Joining is a convenient method for combine the columns of two potentially differently-indexed DataFrames into a single result DataFrame.

![LEFT-RIGHT-INNER-OUTER-JOINT.jpg](attachment:LEFT-RIGHT-INNER-OUTER-JOINT.jpg)

In [42]:
left = pd.DataFrame({'A':['A0','A1','A2'],
                   'B':['B0','B1','B2']},
                  index=['K0','K1','K2'])

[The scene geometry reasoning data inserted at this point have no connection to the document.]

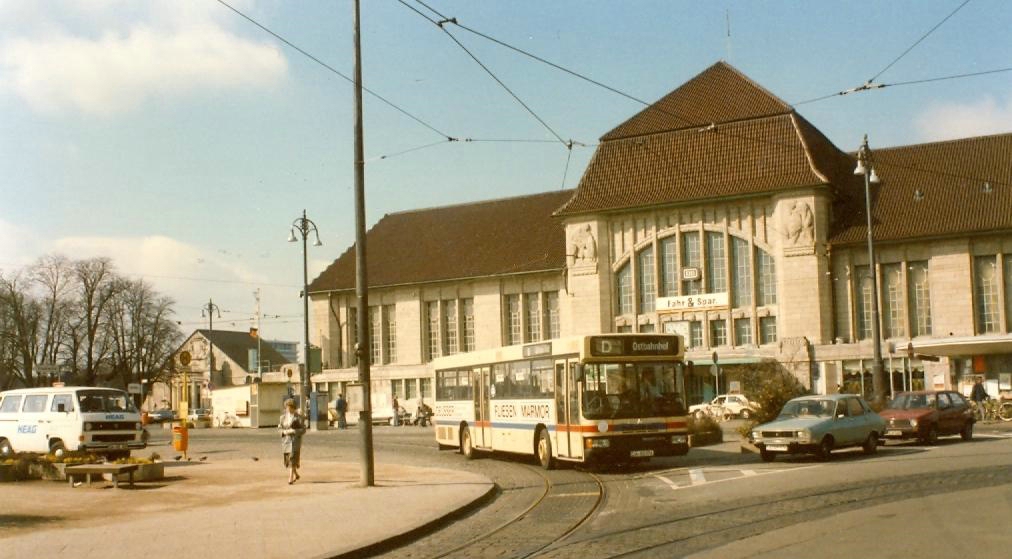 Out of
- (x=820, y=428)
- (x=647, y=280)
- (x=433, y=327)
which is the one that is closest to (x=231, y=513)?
(x=820, y=428)

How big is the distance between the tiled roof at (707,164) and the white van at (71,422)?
38695 mm

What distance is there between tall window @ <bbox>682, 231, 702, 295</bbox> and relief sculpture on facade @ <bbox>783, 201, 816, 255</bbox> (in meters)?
5.06

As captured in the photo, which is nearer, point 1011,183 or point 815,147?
point 1011,183

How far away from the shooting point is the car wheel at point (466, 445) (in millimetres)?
27750

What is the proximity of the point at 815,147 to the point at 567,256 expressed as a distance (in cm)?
1523

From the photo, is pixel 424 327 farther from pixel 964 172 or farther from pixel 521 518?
pixel 521 518

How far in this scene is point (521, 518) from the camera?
597 inches

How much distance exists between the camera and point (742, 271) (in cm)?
6031

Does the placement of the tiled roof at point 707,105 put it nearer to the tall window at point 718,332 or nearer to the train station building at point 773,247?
the train station building at point 773,247

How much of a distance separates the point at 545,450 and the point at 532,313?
46733 mm

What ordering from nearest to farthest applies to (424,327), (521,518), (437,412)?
1. (521,518)
2. (437,412)
3. (424,327)

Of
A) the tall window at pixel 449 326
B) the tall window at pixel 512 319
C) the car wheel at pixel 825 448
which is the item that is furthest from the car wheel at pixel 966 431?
the tall window at pixel 449 326

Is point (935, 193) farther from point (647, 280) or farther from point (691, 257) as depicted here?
point (647, 280)

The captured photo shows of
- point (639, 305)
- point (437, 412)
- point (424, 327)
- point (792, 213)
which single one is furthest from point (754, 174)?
point (437, 412) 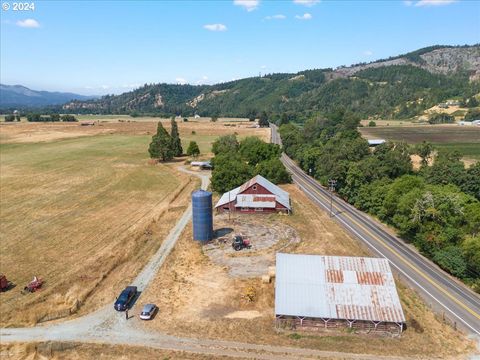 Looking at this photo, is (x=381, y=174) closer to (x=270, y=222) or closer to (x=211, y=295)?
(x=270, y=222)

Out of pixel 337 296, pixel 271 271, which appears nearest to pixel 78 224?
pixel 271 271

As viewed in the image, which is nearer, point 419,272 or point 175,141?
point 419,272

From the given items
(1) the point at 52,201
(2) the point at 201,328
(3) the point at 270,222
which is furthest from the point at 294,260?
(1) the point at 52,201

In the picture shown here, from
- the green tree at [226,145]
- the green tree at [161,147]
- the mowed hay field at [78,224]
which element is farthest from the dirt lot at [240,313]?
the green tree at [161,147]

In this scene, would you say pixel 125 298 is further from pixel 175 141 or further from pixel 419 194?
pixel 175 141

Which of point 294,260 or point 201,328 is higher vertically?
point 294,260

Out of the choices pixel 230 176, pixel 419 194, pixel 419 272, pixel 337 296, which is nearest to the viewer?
pixel 337 296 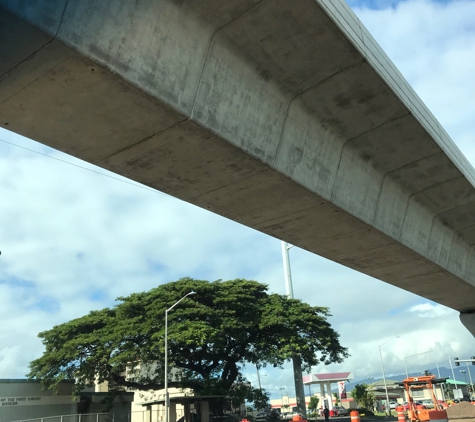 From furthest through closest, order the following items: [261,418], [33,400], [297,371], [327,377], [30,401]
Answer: [327,377]
[261,418]
[297,371]
[33,400]
[30,401]

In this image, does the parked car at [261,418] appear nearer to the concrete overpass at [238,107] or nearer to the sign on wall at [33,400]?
the sign on wall at [33,400]

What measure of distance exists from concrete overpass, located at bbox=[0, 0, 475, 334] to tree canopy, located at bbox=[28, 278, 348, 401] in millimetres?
25552

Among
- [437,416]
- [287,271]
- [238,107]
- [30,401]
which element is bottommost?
[437,416]

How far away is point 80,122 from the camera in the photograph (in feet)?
20.1

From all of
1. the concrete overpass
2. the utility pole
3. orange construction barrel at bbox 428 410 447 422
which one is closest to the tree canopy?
the utility pole

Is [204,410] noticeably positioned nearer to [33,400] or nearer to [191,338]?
[191,338]

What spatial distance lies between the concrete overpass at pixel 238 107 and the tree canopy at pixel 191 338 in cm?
2555

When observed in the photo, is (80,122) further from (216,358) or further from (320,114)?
(216,358)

right = pd.DataFrame({'C':['C0','C2','C3'],
                   'D':['D0','D2','D3']},
                  index=['K0','K2','K3'])

In [43]:
left.join(right)

Unnamed: 0,A,B,C,D
K0,A0,B0,C0,D0
K1,A1,B1,,
K2,A2,B2,C2,D2


In [44]:
left.join(right, how='outer')

Unnamed: 0,A,B,C,D
K0,A0,B0,C0,D0
K1,A1,B1,,
K2,A2,B2,C2,D2
K3,,,C3,D3


### merge vs join

These are the main differences between `df.join()` and `df.merge()`:

* lookup on right table: `df1.join(df2)` always joins via the **index** of `df2`, but `df1.merge(df2)` can join to one or more columns of `df2` (default) or to the index of `df2` (with `right_index=True`).

* lookup on left table: by default, `df1.join(df2)` uses the **index** of `df1` and `df1.merge(df2)` uses **column(s)** of `df1`. That can be overridden by specifying `df1.join(df2, on=key_or_keys)` or `df1.merge(df2, right_index=True)`.

* left vs inner join: `df1.join(df2)` does a **left join** by default (keeps all rows of `df1`), but `df.merge` does an **inner join** by default (returns only matching **rows** of `df1` and `df2`).